Let as assume that we have a binary classification problem. We also have several classifiers. Instead of assigning a vector to a class (0 or 1) each classifier returns a probability that a given vector belongs to class 1. It means that for each input vector, that has to be classified we get a vector of real number between 0 and 1. For example:

(0.81, 0.67, 0.43, 0.99, 0.53)

where the number of components (probabilities) is equal to the number of classifiers. Now we want to "combine" these "weak" classifiers to get on "strong" classifier. In other words we need to find a way to map a given vector of probabilities into one number (probability).

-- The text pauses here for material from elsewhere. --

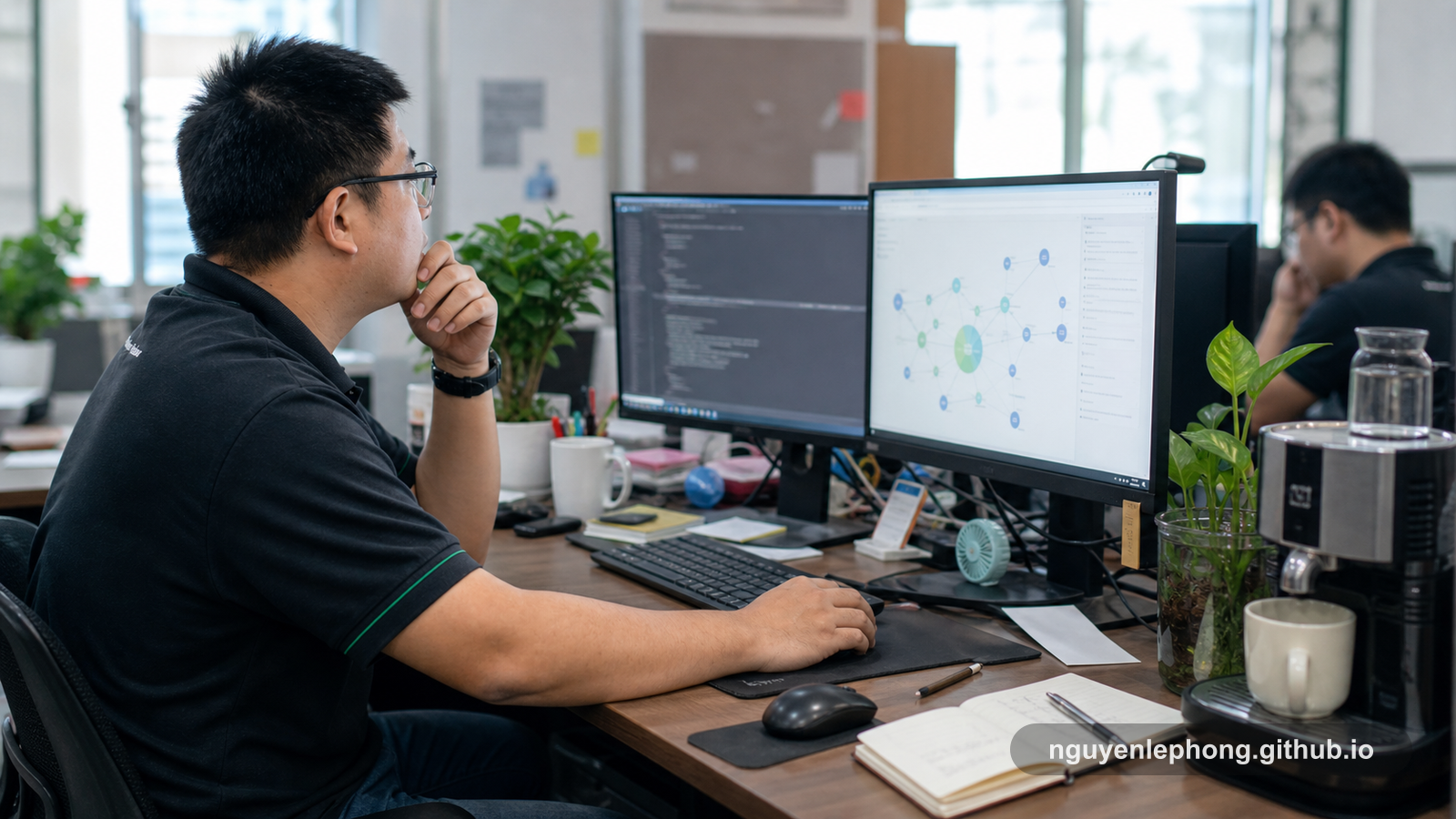 Một software engineer ngồi trước chẩn đoán do AI gợi ý và màn hình code thật, chậm lại một nhịp trước khi tin vào câu trả lời.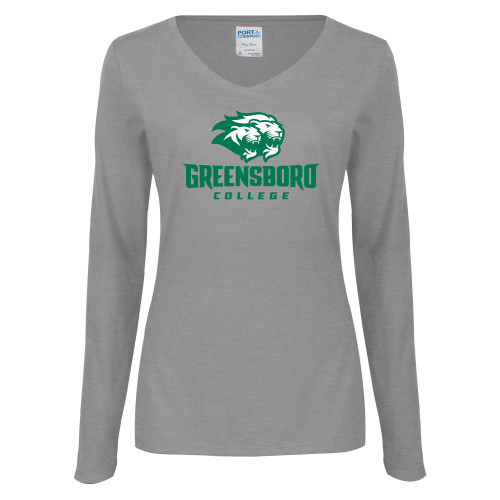  Womens Grey Long Sleeve V Neck Tee  - Primary Mark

So, my questions is: What is the "correct" way to do it? Of course I can train another classifier that uses the vector of probabilities and returns one probability. In other words we can find out how to combine the "weak" probabilities in an empirical way. However, I assume, that we can use the fact that the components of the vector are not just "some numbers" (or features) they are probabilities, they are already predictions and, as a consequence, they have to be combined in a corresponding appropriate way.

ADDED

In comments it has been proposed to average the "weak" probabilities. But what if it is possible to estimate quality (power) of each "weak" classifier (and it should be possible), doesn't it make sense to suppress "bad" classifier (for example by using their predictions (probabilities) with smaller weights or by ignoring them completely)? Does it makes sense to use just one (the best) weak classifier? Does it make sense to check correlation between the weak classifiers. For example what should we do if two "weak" classifiers always give the same result. Shouldn't we through one of them out as not having any additional value?

Best Answer

Practically speaking bagging, boosting, and stacking all constitute reasonable ways to combine the weak predictions, as others have mentioned. Taking that one step further though, trying as many of them as possible and seeing what performs best is common the context of competitive machine learning too (e.g. You might try a stacked classifier as well as well as a simple average ensembler and choose the better of the two as per performance on some hold-out data).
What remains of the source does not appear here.